Fitch Ratings forecasts debt financing expansion to fund Prabowo’s big-ticket plans, which would bring Indonesia’s budget deficit close to the legal limit but could also spur growth through increased economic activity.
itch Ratings projects an expansion in Indonesia’s debt financing next year when president-elect Prabowo Subianto’s big-ticket plans are accounted for, bringing the budget deficit close to the legal limit, which analysts say poses great risks but could also yield high rewards.
Thomas Rookmaaker, head of Asia-Pacific sovereigns at the multinational credit rating agency, revealed on Wednesday that it forecast a budget deficit equivalent to 2.9 percent of GDP for 2025, which would mark “quite a big jump” from the 1.65 percent logged in 2023.
Rookmaaker expected the incoming administration would “try to spend as much as possible” to fulfill Prabowo’s campaign promises, “including the free milk program”, but the budget deficit would “stay just under the 3 percent” cap.
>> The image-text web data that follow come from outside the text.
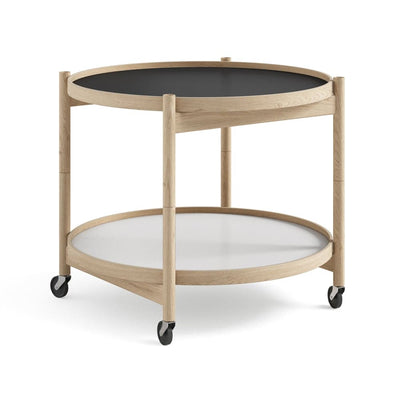 Se Brdr. Krüger Bølling Tray Table model 60 rullebord base, ubehandlet understel i eg ❤ Kæmpe udvalg i Brdr. Krüger ❤ Hurtig levering: 1 - 2 Hverdage samt billig fragt - Varenummer: NDN-549011-01 og barcode / Ean: '5712428011180 på lager - Udsalg på Furniture - Tables - Accent Tables Spar op til 63% - Over 1354 kendte brands på udsalg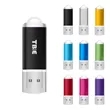 2GB Thumb Drive with LED | https://www.bestnamebadges.com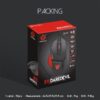 HTB1oU8BIYGYBuNjy0Foq6AiBFXaK Fantech X11 Daredevil Macro Rgb (programable) Chroma Gaming Mouse
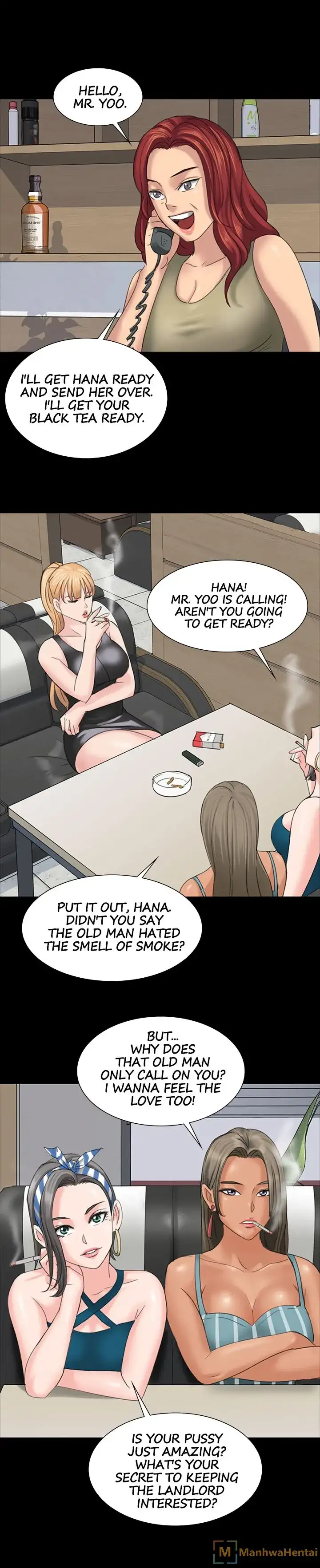 Queen Bee Chapter 8 image 21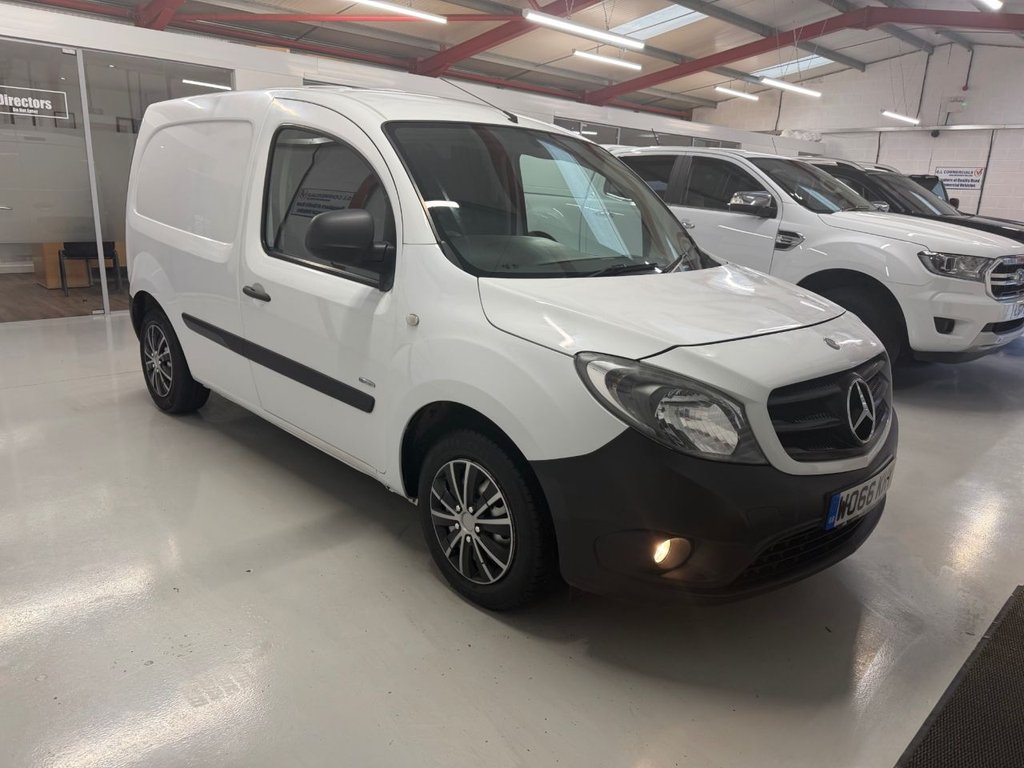 Used Mercedes-Benz Citan 2017 for sale - 76546652: Photo 2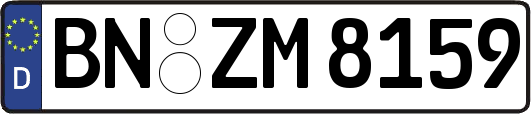 BN-ZM8159
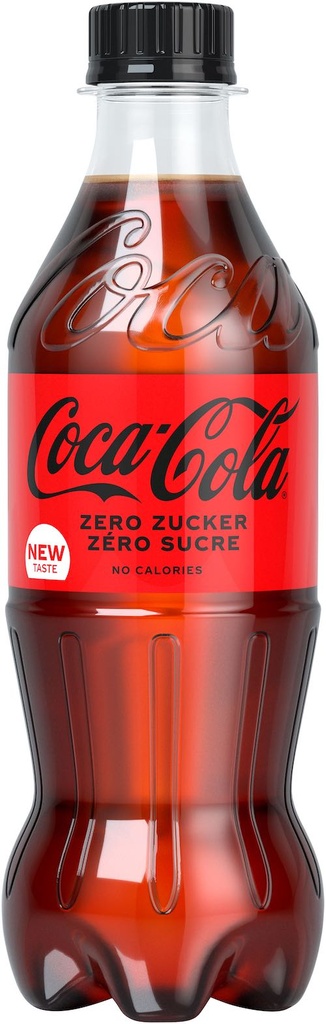 Coca-Cola Zero S.P 50 cl*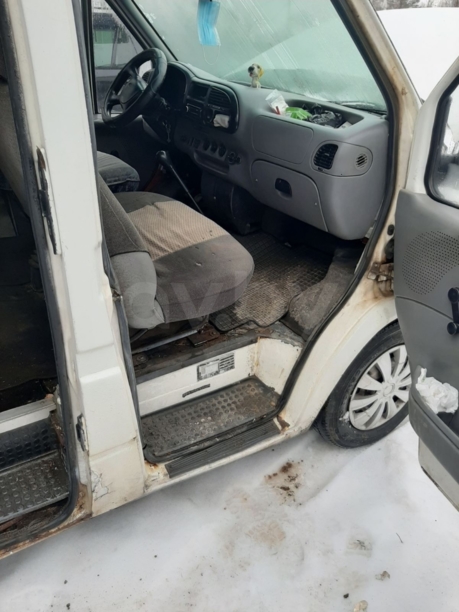 Ford Transit Tourneo, 1995 г.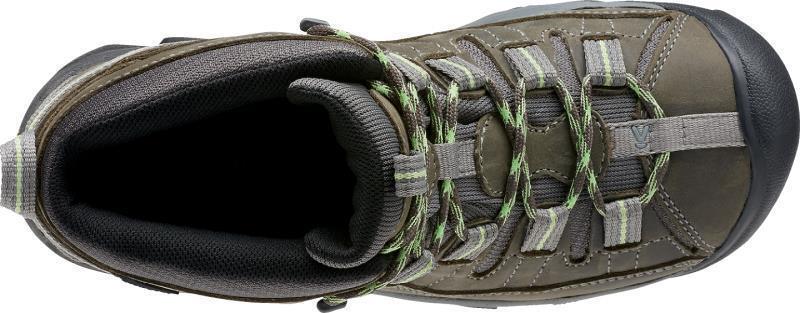 Targhee II Mid WP - Womens - Raven / Opaline 5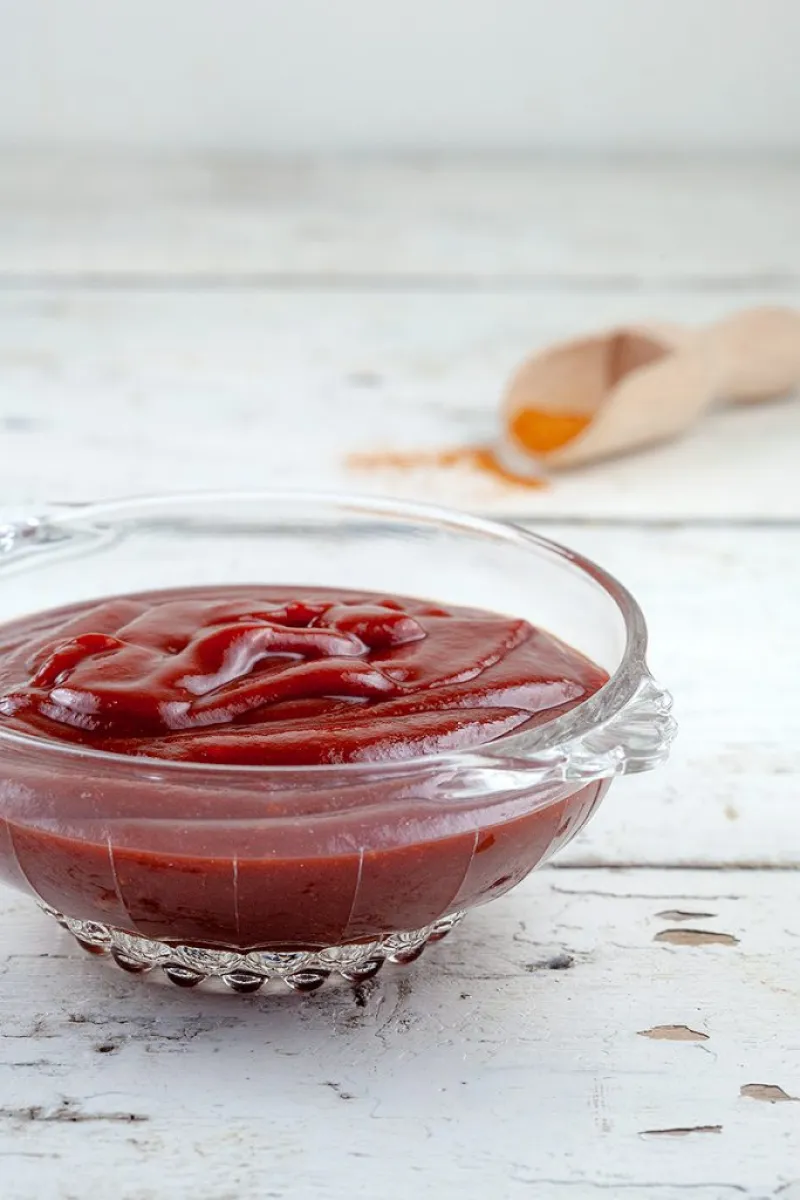 Easy barbecue sauce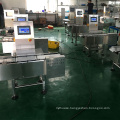 Chinese Conveyor Line High Speed Online Food automatic Check Weigher for Sale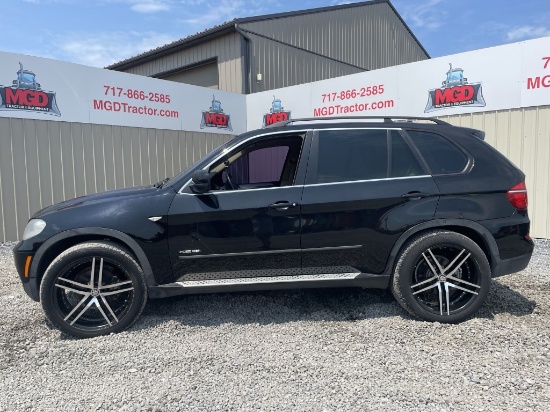 BMW X5 XDrive 35I Vehicle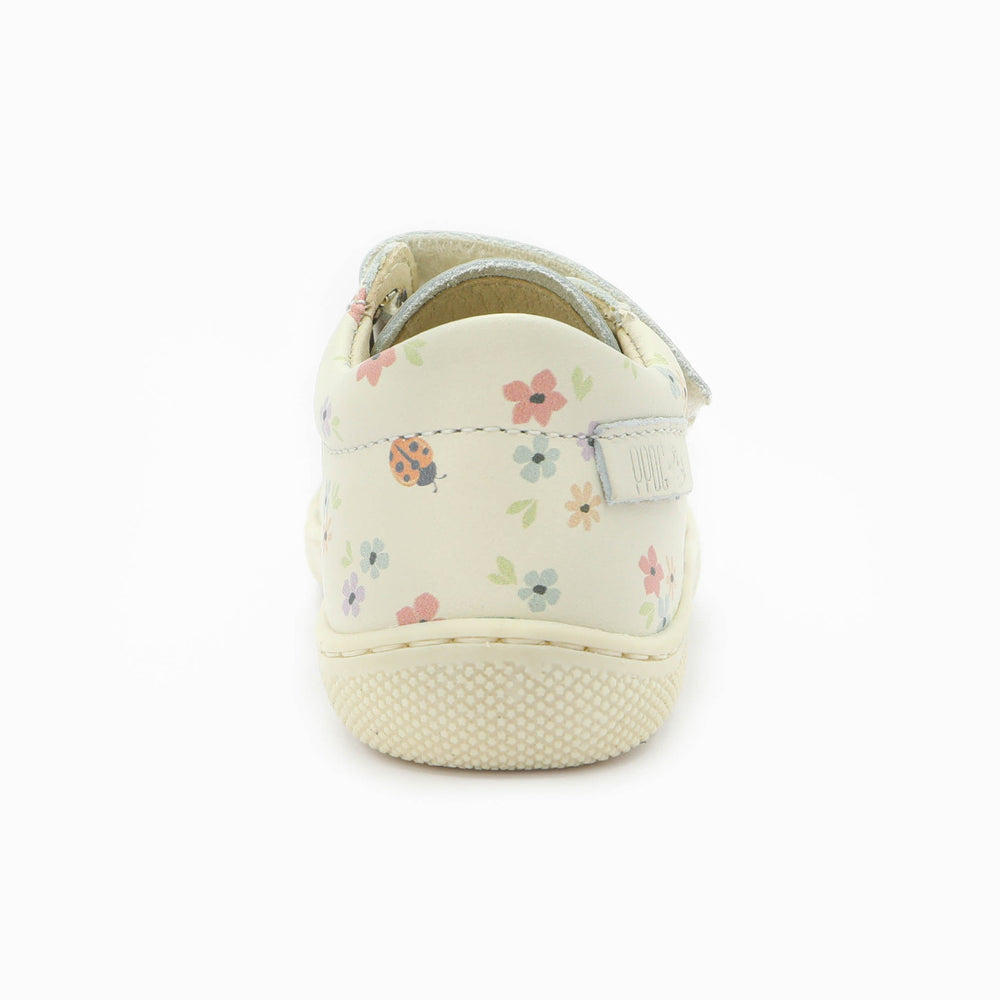 Naturino Barefoot Orec Low Velcros June Milk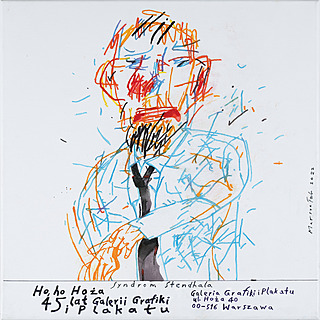 SYNDROM STENDHALA, 2022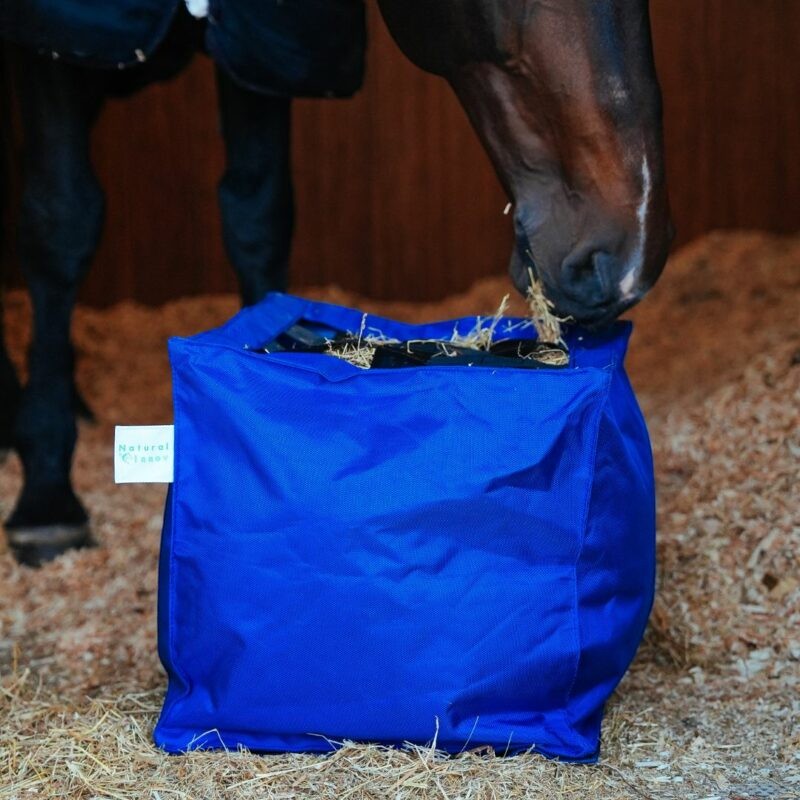 Natural' Innov - Natural'Kub hay bag collector's edition 7 years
Law No. 17/2003 on state finances mandates the state budget deficit, the shortfall that occurs when the government spends more than it collects from taxes and other revenue sources, must not exceed 3 percent of GDP in a fiscal year. It also limits the country’s accumulated debt to a maximum of 60 percent of GDP.
These restrictions are meant to ensure fiscal policy discipline to prevent a monetary crisis, like the one that hit the country in 1997 and 1998.
Since the law’s passage, Indonesia has not breached either limit, except during COVID-19, when the government temporarily lifted the deficit cap to alleviate the pandemic’s economic impacts by preemptively amending the 2003 law.
The policy measure pushed the fiscal deficit to as high as 6.14 percent of GDP in 2020 while the debt-to-GDP ratio rose to almost 40 percent, but stayed well clear of the 60 percent limit.